Overview Step 1: Create a table based on the original dataset Step 2: Use CTAS to partition, convert, and compress the data Step 3: Use INSERT INTO to add data Step 4: Measure performance and cost differences Summary

Use CTAS and INSERT INTO for ETL and data analysis

You can use Create Table as Select (CTAS) and INSERT INTO statements in Athena to extract, transform, and load (ETL) data into Amazon S3 for data processing. This topic shows you how to use these statements to partition and convert a dataset into columnar data format to optimize it for data analysis.
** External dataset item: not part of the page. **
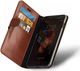 Valenta Classic Luxe iPhone 8/7/6(s) Plus Hoesje Leer Bookcase Bruin afbeelding 7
CTAS statements use standard SELECT queries to create new tables. You can use a CTAS statement to create a subset of your data for analysis. In one CTAS statement, you can partition the data, specify compression, and convert the data into a columnar format like Apache Parquet or Apache ORC. When you run the CTAS query, the tables and partitions that it creates are automatically added to the AWS Glue Data Catalog. This makes the new tables and partitions that it creates immediately available for subsequent queries.

INSERT INTO statements insert new rows into a destination table based on a SELECT query statement that runs on a source table. You can use INSERT INTO statements to transform and load source table data in CSV format into destination table data using all transforms that CTAS supports.

Overview

In Athena, use a CTAS statement to perform an initial batch conversion of the data. Then use multiple INSERT INTO statements to make incremental updates to the table created by the CTAS statement.

Steps

Step 1: Create a table based on the original dataset
Step 2: Use CTAS to partition, convert, and compress the data
Step 3: Use INSERT INTO to add data
Step 4: Measure performance and cost differences

Step 1: Create a table based on the original dataset

The example in this topic uses an Amazon S3 readable subset of the publicly available NOAA global historical climatology network daily (GHCN-d) dataset. The data on Amazon S3 has the following characteristics.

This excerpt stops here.